Since there are often few documents that can help flesh out these individual stories—especially of silenced historical groups like mental patients—Ozludil paired up with her colleague Augustus Wendell, who took the lead in developing a spatial platform that helps to model experience.

Reconstructing rituals, movements, and experiences is, of course, critical for many scholars who study the meaning of buildings and art objects that were displayed and experienced in specific spaces. Ozludil and Wendell hope that their platform, SpatioScholar, can be used more widely in art history for spatial analysis.

Questions of perspective can also be extended to the composition of a project team. The “Visualizing the Mount Estate” collaborators are doing just that in their study of an important Qing dynasty (1644–1911) imperial park in Chengde, China. The Bishu shanzhuang, or “Mountain Estate to Escape the Heat,” was constructed over the course of the eighteenth century, encompassed over 250 architectural assemblages at its height, and spread across 3,500 acres—an area more than four times the size of New York City’s Central Park. Yet 200 years of reconstruction and decay now mask its original layout and function.

To recover these aspects and better understand this critical cultural site where emperors entertained, relaxed, and conducted state business as many as seven months out of the year, the team involves multiple scholarly points of view. In addition to the art historical expertise of Stephen Whiteman and the digital technology knowledge of Hedren Sum, Biju Dhanapalan brings filmmaking and storytelling acumen to the project. They are borrowing digital tools and methods from film pre-production, visual effects, and gaming to complement those from geography, art and architectural history, and material culture studies. The outcomes of this novel approach are still to come, but the collaborators expect to develop new ways to engage with and experience dynamic historical environments.

The interface shows a bird's-eye view of the estate with buildings filled in as pink and light orange squares and lines, while a menu at left for selecting filters ("Structure Type," "Construction Date," and "Reign") and at right a menu for selecting layers ("Rockeries," "Scenic Areas," "Water Features," "Buildings," "Walls," "Streams," Perimeter Walls," "Islands," Lakes," Contours").

Screen capture of Visualizing the Mountain Estate’s interactive map of the site at Chengde.

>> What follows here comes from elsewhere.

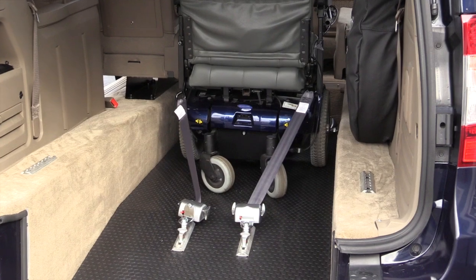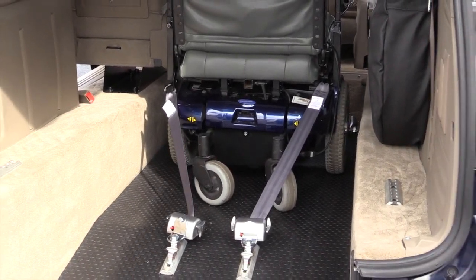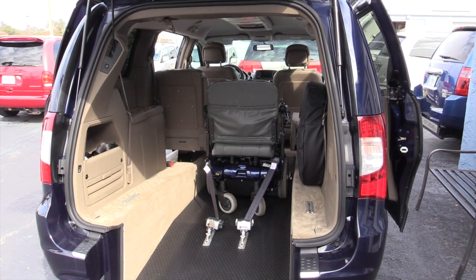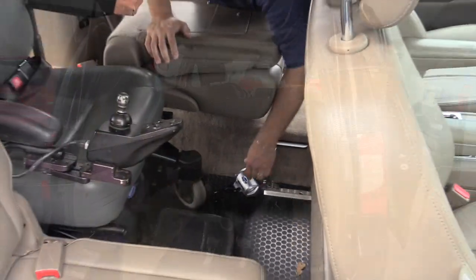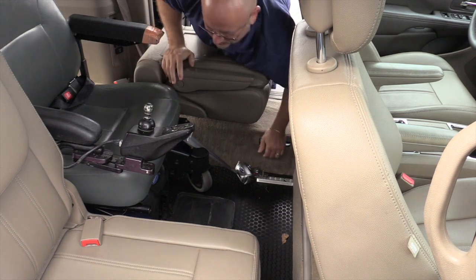Now your wheelchair is secured in the rear with two retractable tie downs, so you can move to the front to secure the two in the front. The front retractors are easily connected to the wheelchair.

Common Threads and Next Steps

For the workshop organizers, the mutual support and interaction among the teams surfaced shared art historical questions at the heart of their projects: How do we understand the human experience of space as part of establishing the meaning of an object or site? How do we analyze the built environment when historical or physical evidence is partial or ambiguous? How do we think about spatial art historical subjects within the context of larger and complex physical and social environments? These three key questions kept returning in our presentations and conversations, and they will undoubtedly continue to inform ongoing research.

The seminar participants will meet again in Venice in June 2019 to present further results of their collaborations. We will also see how our collective conversation about the ways that 3-D and geospatial analysis can enrich the field of art history more broadly has evolved. Members of the organizing team anticipate sharing broader insights and recommendations for the field’s development in writing, at conferences, including the College Art Association meeting in New York in February 2019, and by example in their own 3-D geospatial project work going forward.